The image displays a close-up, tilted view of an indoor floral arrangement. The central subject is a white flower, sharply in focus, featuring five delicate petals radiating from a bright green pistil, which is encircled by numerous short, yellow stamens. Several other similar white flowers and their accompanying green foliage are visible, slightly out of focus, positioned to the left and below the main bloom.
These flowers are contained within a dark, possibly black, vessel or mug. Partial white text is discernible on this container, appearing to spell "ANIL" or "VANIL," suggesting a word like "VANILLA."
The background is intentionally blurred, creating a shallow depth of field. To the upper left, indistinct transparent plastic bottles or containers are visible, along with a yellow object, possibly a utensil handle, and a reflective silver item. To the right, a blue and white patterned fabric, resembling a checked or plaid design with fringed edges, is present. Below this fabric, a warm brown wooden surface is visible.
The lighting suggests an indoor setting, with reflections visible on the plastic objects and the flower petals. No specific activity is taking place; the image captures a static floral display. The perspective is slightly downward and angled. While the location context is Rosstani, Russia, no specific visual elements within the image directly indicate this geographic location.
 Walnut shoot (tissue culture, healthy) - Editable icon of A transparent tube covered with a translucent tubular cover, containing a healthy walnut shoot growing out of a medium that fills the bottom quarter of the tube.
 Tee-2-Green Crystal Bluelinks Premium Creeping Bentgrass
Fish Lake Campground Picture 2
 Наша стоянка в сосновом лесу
┄┄┄┄┄┄
## What is being asked
So that nothing differs from the original, transcribe all of the records above.

## Exercise result
The image displays a close-up, tilted view of an indoor floral arrangement. The central subject is a white flower, sharply in focus, featuring five delicate petals radiating from a bright green pistil, which is encircled by numerous short, yellow stamens. Several other similar white flowers and their accompanying green foliage are visible, slightly out of focus, positioned to the left and below the main bloom.
These flowers are contained within a dark, possibly black, vessel or mug. Partial white text is discernible on this container, appearing to spell "ANIL" or "VANIL," suggesting a word like "VANILLA."
The background is intentionally blurred, creating a shallow depth of field. To the upper left, indistinct transparent plastic bottles or containers are visible, along with a yellow object, possibly a utensil handle, and a reflective silver item. To the right, a blue and white patterned fabric, resembling a checked or plaid design with fringed edges, is present. Below this fabric, a warm brown wooden surface is visible.
The lighting suggests an indoor setting, with reflections visible on the plastic objects and the flower petals. No specific activity is taking place; the image captures a static floral display. The perspective is slightly downward and angled. While the location context is Rosstani, Russia, no specific visual elements within the image directly indicate this geographic location.
 Walnut shoot (tissue culture, healthy) - Editable icon of A transparent tube covered with a translucent tubular cover, containing a healthy walnut shoot growing out of a medium that fills the bottom quarter of the tube.
 Tee-2-Green Crystal Bluelinks Premium Creeping Bentgrass
Fish Lake Campground Picture 2
 Наша стоянка в сосновом лесу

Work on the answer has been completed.